[Opening Data supplied section]

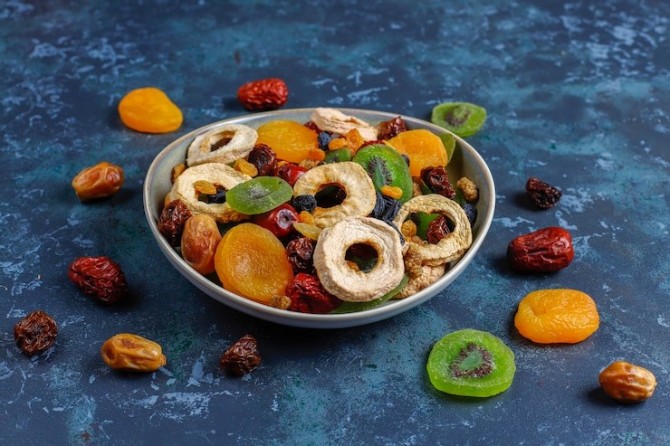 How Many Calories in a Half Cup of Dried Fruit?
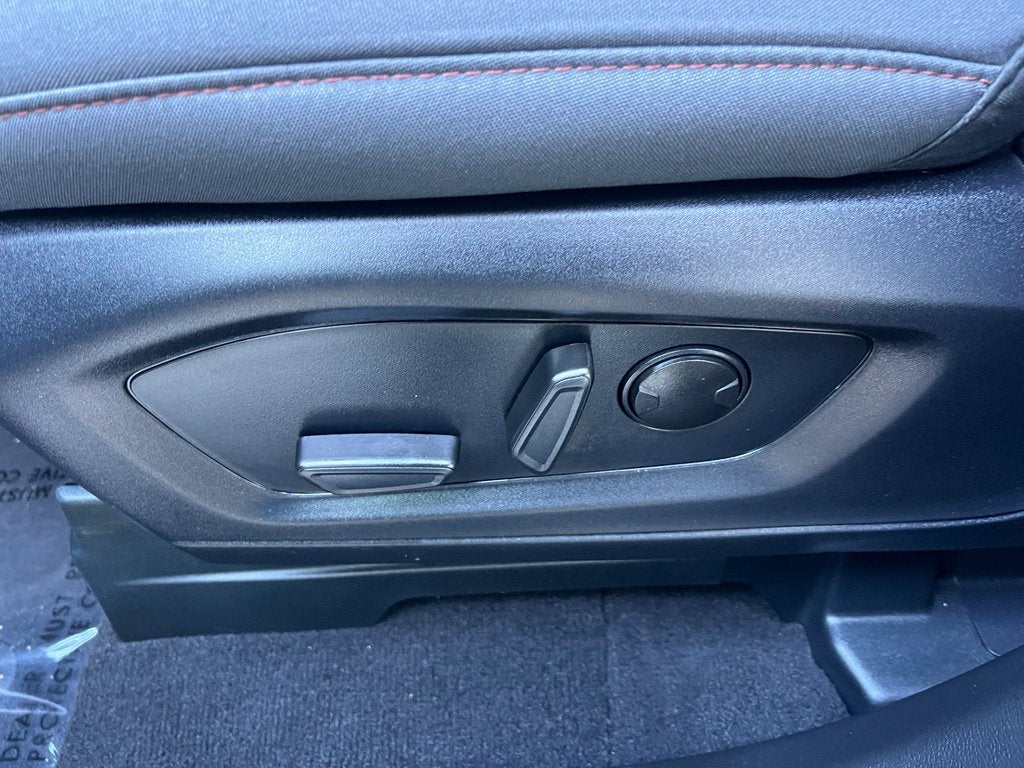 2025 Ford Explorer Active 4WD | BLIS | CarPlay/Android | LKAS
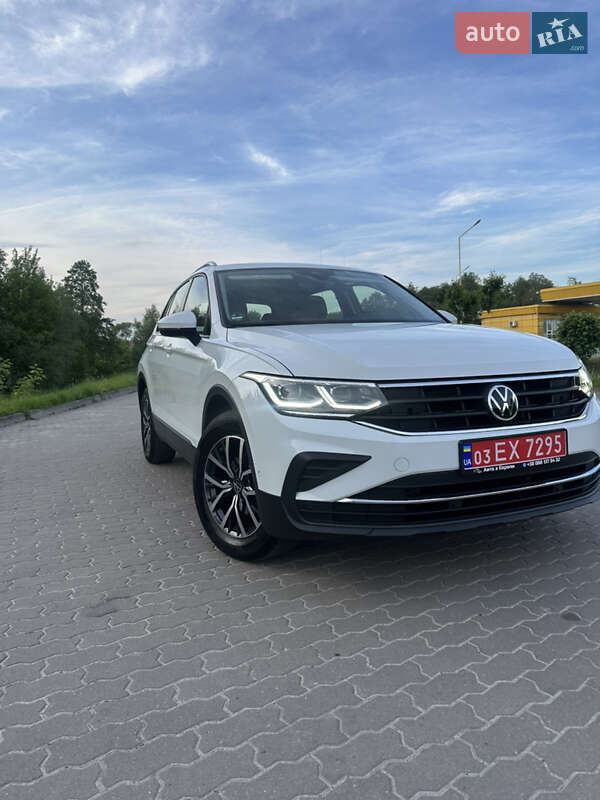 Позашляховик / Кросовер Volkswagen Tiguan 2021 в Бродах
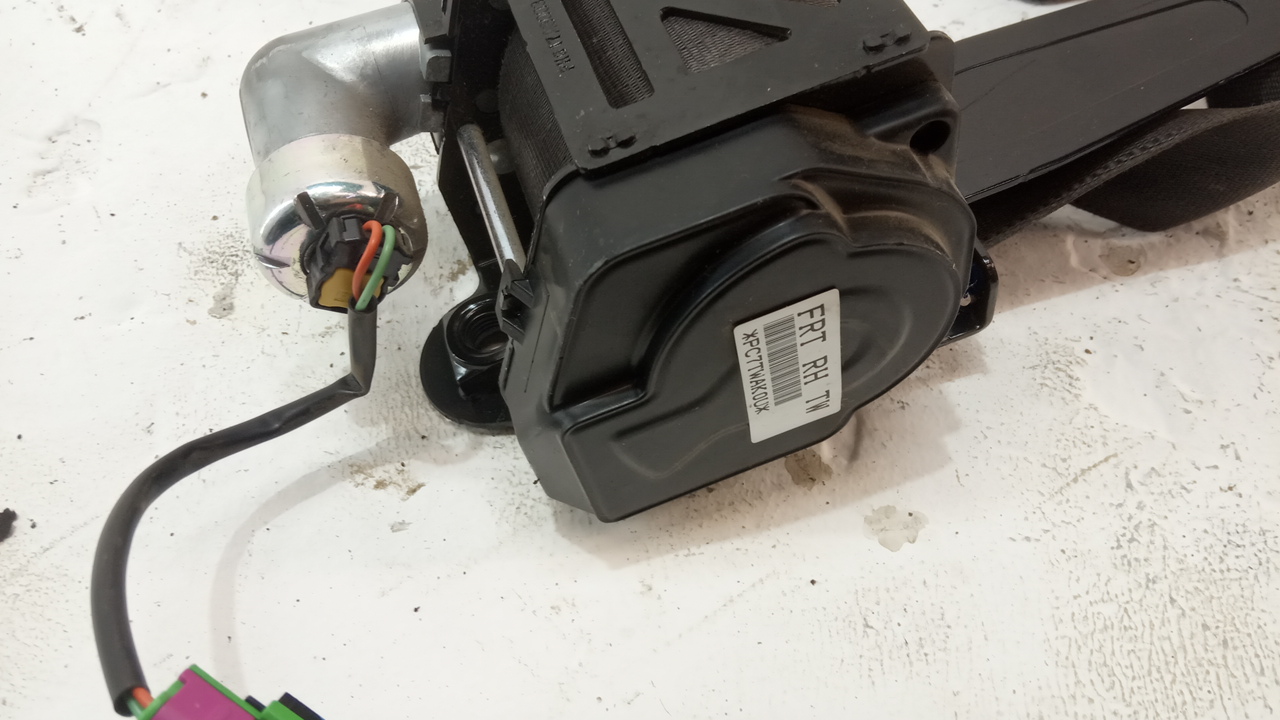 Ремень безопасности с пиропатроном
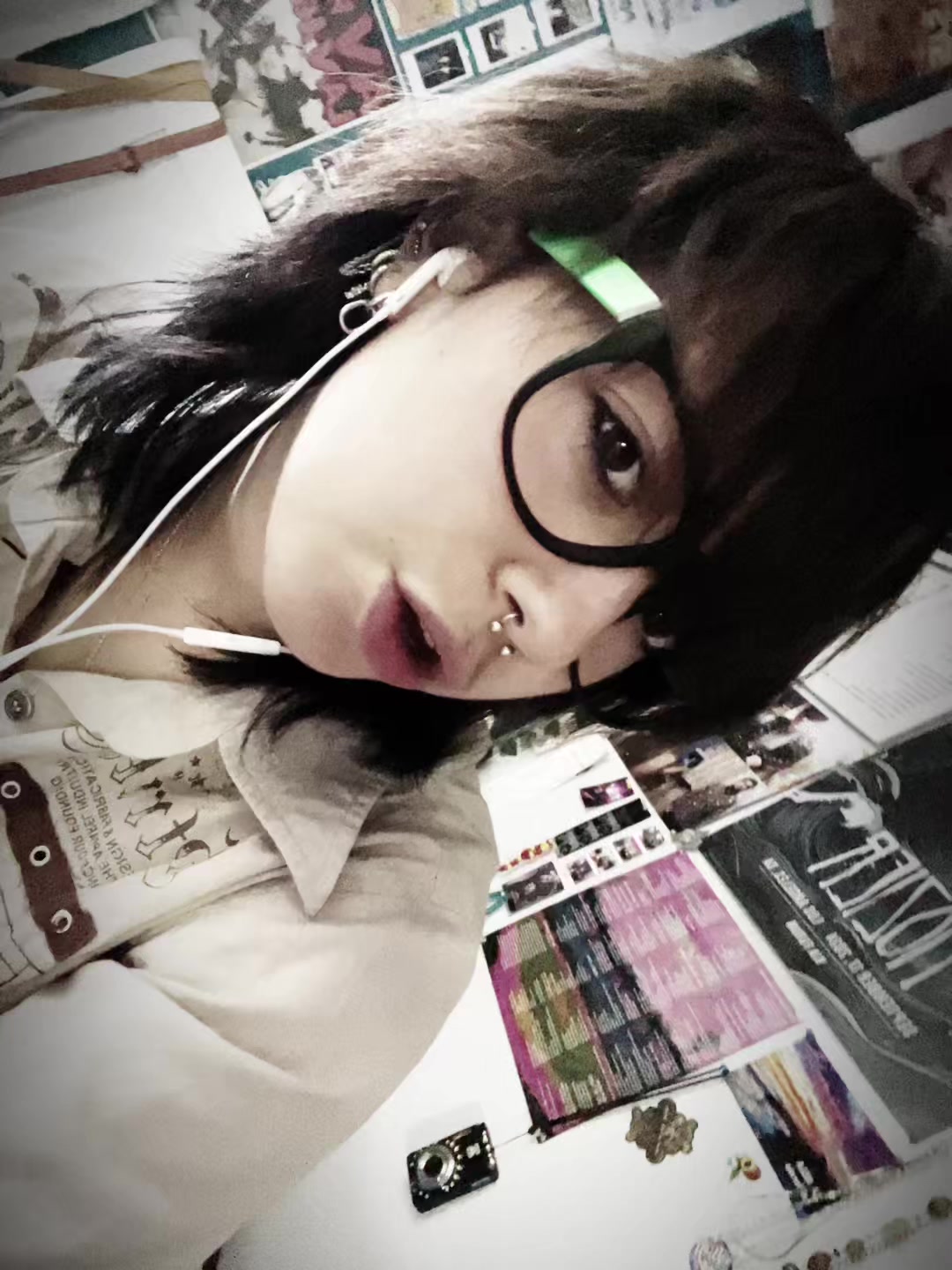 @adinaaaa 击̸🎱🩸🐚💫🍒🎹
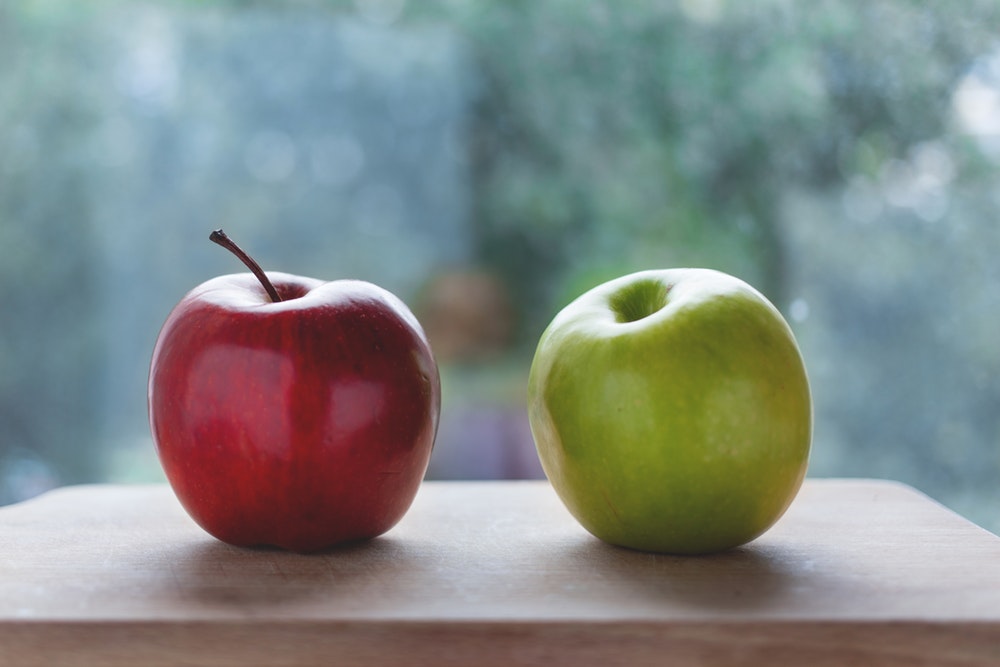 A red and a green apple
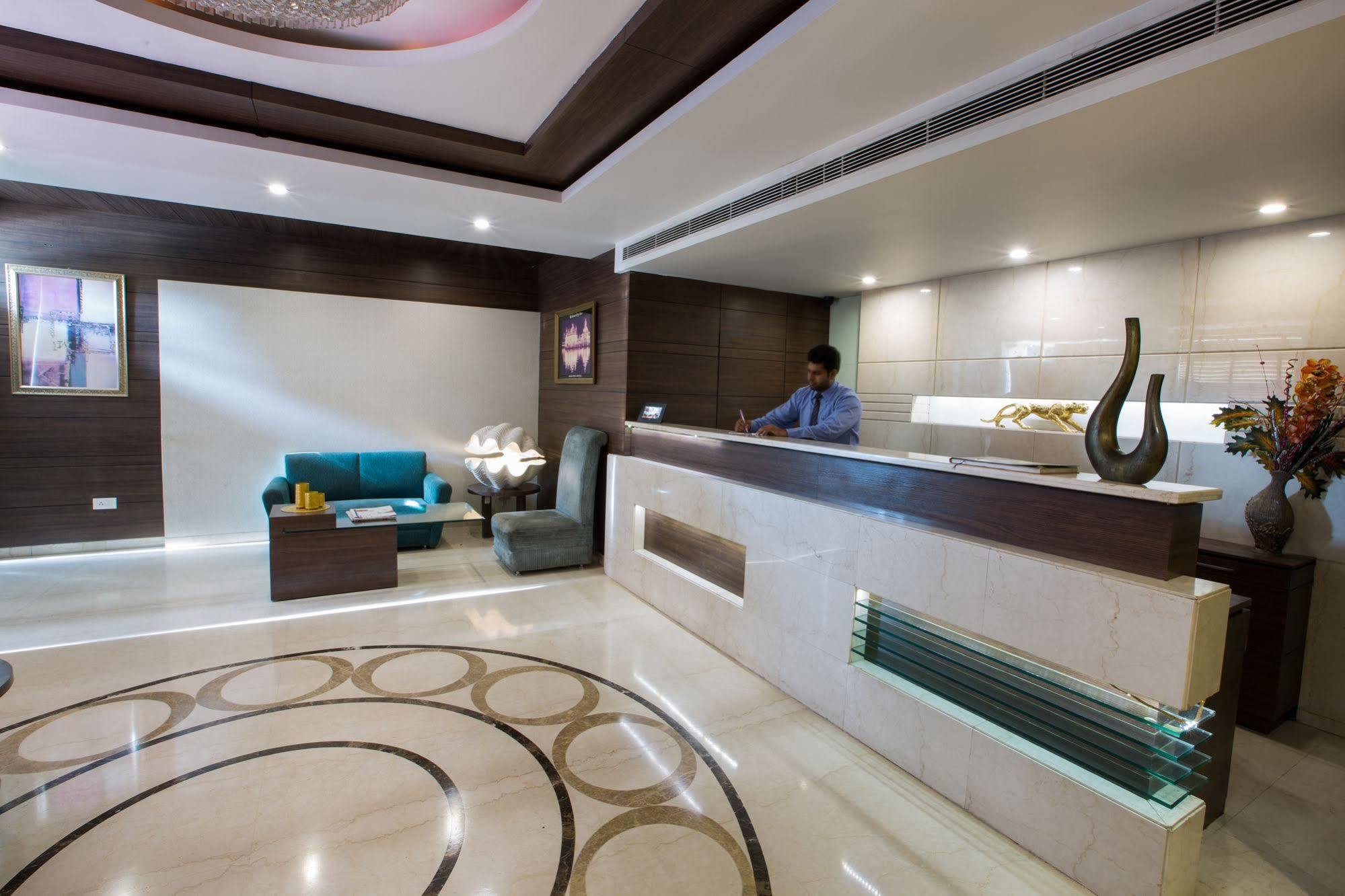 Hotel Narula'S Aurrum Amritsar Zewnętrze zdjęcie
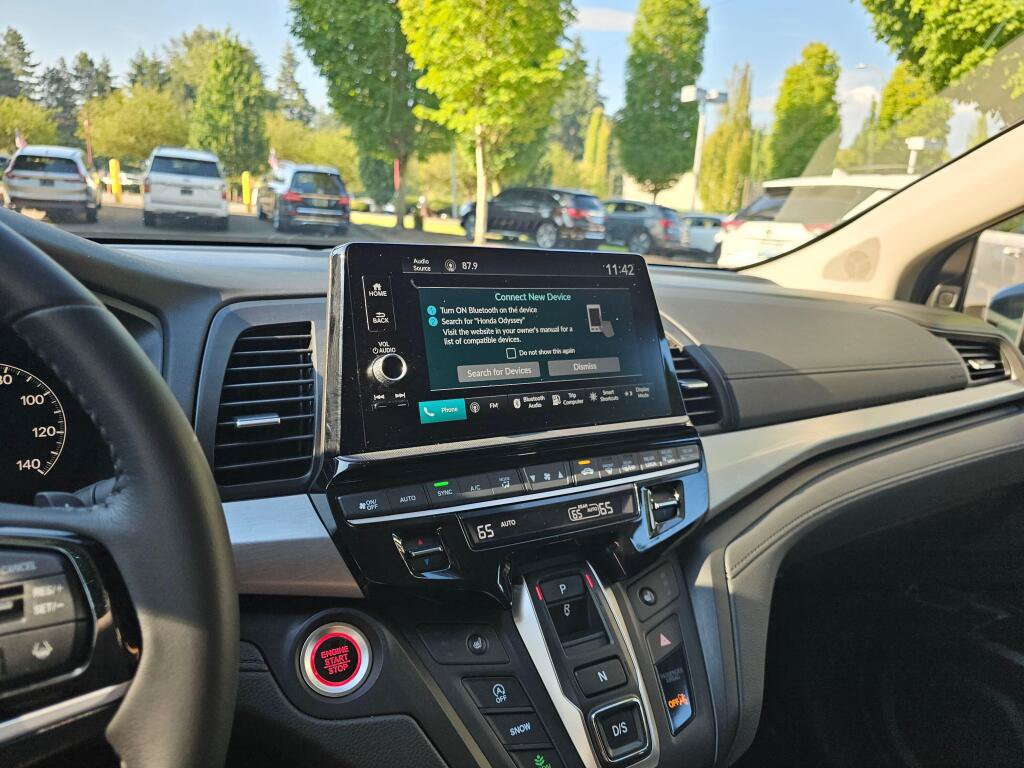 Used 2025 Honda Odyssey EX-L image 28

[Closing Data supplied section]

#### [Task directions]
Could the entries be output exactly as written, but without their images?

#### [Task output]
 How Many Calories in a Half Cup of Dried Fruit?
 2025 Ford Explorer Active 4WD | BLIS | CarPlay/Android | LKAS
 Позашляховик / Кросовер Volkswagen Tiguan 2021 в Бродах
 Ремень безопасности с пиропатроном
 @adinaaaa 击̸🎱🩸🐚💫🍒🎹
 A red and a green apple
 Hotel Narula'S Aurrum Amritsar Zewnętrze zdjęcie
 Used 2025 Honda Odyssey EX-L image 28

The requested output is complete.